Female wild type (WT) and NPY-/- mice (both on a (C57BL/6JAusb background) at 10 weeks of age were used to

investigate the effect of sucralose on food intake. Sucralose was administered to mice orally and voluntarily by

incorporating sucralose into synthetically flavoured jelly and mice were trained to eat the jelly as described previously

(Cox et al., 2010; Zhang et al., 2010)) Treatment jelly contained 7.5mg of sucralose per dose, and vehicle jelly contained

0.03 mg of sucralose to allow voluntary administration of the jelly. Jelly was given at 1630hr and mice typically consume

the entire piece of jelly (~290 µL) within 5 minutes. Food intake was determined using Promethion metabolic cages

(PromethionTM Line, Sable Systems International, NV USA). The experimental protocol included a 3-day run-in period

in which mice were acclimatized to the chambers while receiving control jelly. Jelly was given at 1630hr and food intake

was recorded continuously.
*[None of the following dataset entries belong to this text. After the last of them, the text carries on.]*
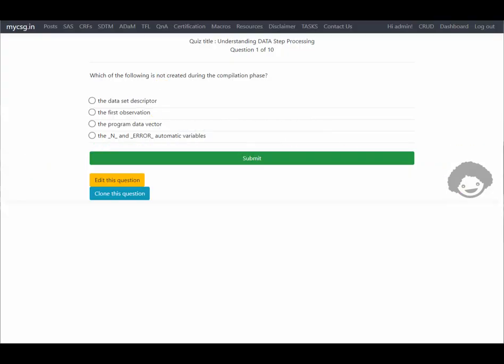Hello everyone, welcome back to this video series where we are looking at questions from the BESA certification prep guide. In this video we will see the questions from the 'Understanding Data Step Processing' chapter. The first question says: which of the following is NOT created during the compilation phase?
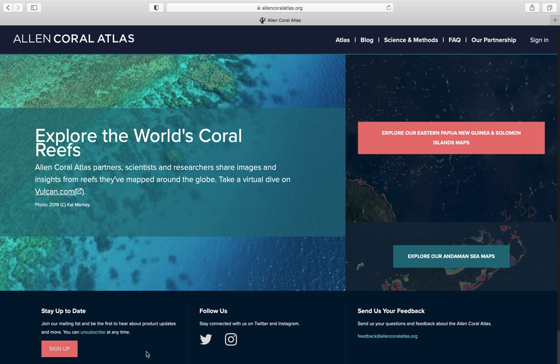The Atlas Interactive mapping tool can be accessed through the Allen Coral Atlas website. This mapping tool allows you to explore the global benthic and geomorphic maps of the Allen Coral Atlas and perform some simple analysis without needing any GIS skills.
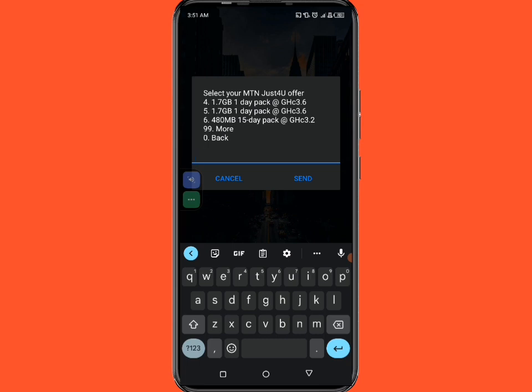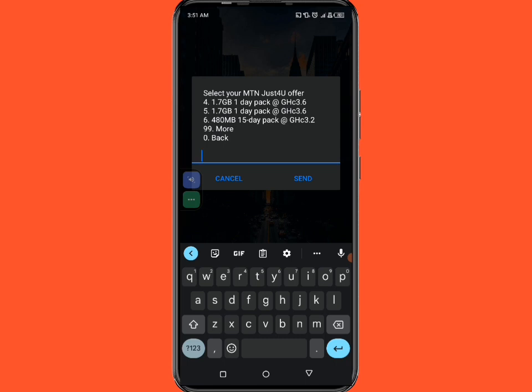And the truth is that the amount of data bundle that you're going to get will depend on how regularly you use your data, I mean your sim card, and then your location as well. So you can even get higher than this and you can also get lower than this depending on how much you're buying data bundle on this sim card and your location as well, and then how regularly you use your sim card.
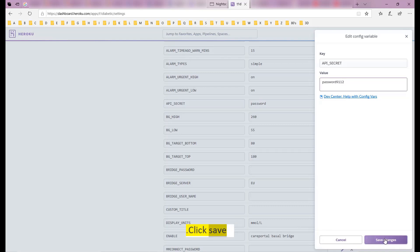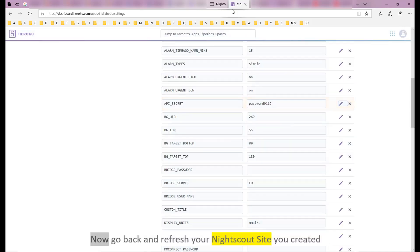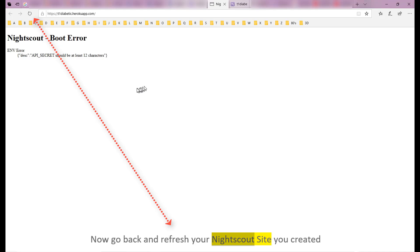Click save. Now go back and refresh your Nightscout site you created.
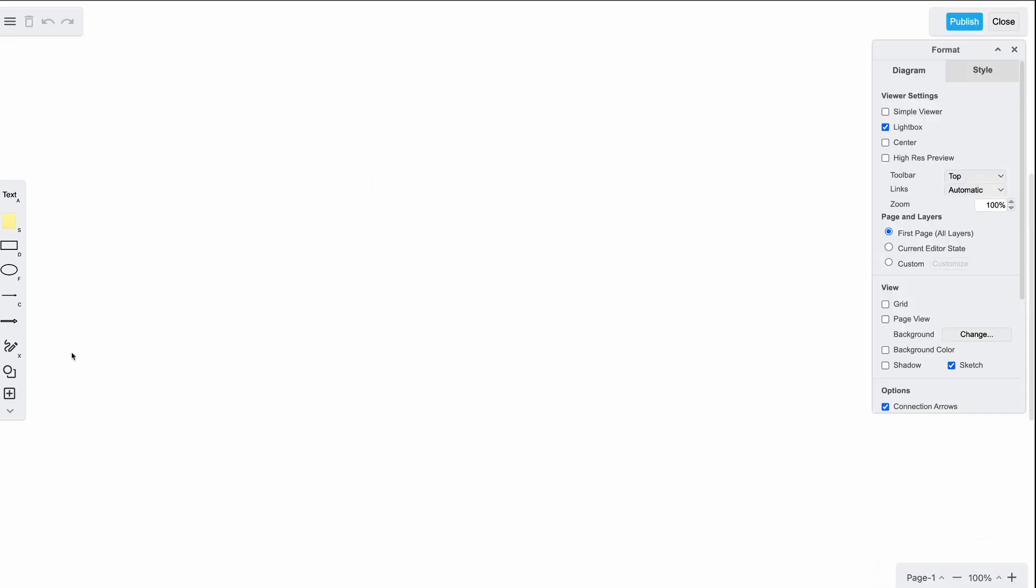On the right side, the format panel allows you to customize the appearance of your shapes and connectors. You can adjust settings like colors, line weights, and text formatting. The panel is dynamic and will change based on your selection. If nothing is selected, the options shown will be general ones for formatting the canvas.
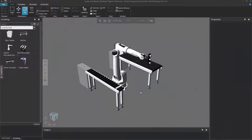Hello, this is William from Visual Components. In this video, I'm going to show you how to create 2D drawings from your 3D world view. What that means is you're taking 3D objects and representing them on a 2D flat surface using lines.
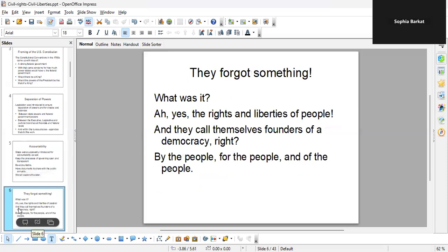But they forgot something. That's right — the rights and liberties of people. It's shameful they forgot this, because they were busy talking about forming the central government and giving it a lot of powers. But they forgot about rights and liberties for some reason, and this made a lot of people very worried. We thought it was going to be government by the people, for the people, and of the people.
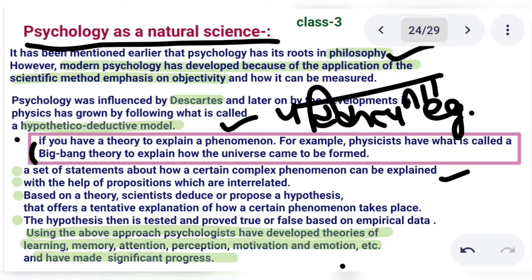First, there are a set of statements about how a certain complex phenomenon can be explained. This means you have to have some statements describing that kind of phenomenon and give an explanation through a set of interrelated propositions — things that are related to each other — which explain the theory.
Subsequently, mice were randomly assigned to either the control or treatment group which

received vehicle and treatment jelly, respectively, daily at 1630 hr and food intake was recorded over 7 days.

Statistical Analysis: Data are represented as means ± SEM. Statistical tests were performed use unpaired t test, One-way

ANOVA with Turkey’s multiple comparisons test, two-way ANOVA with Sidak's multiple comparisons test, or repeated

measures ANOVA as appropriate. All statistical analysis was performed using GraphPad Prism 6.0.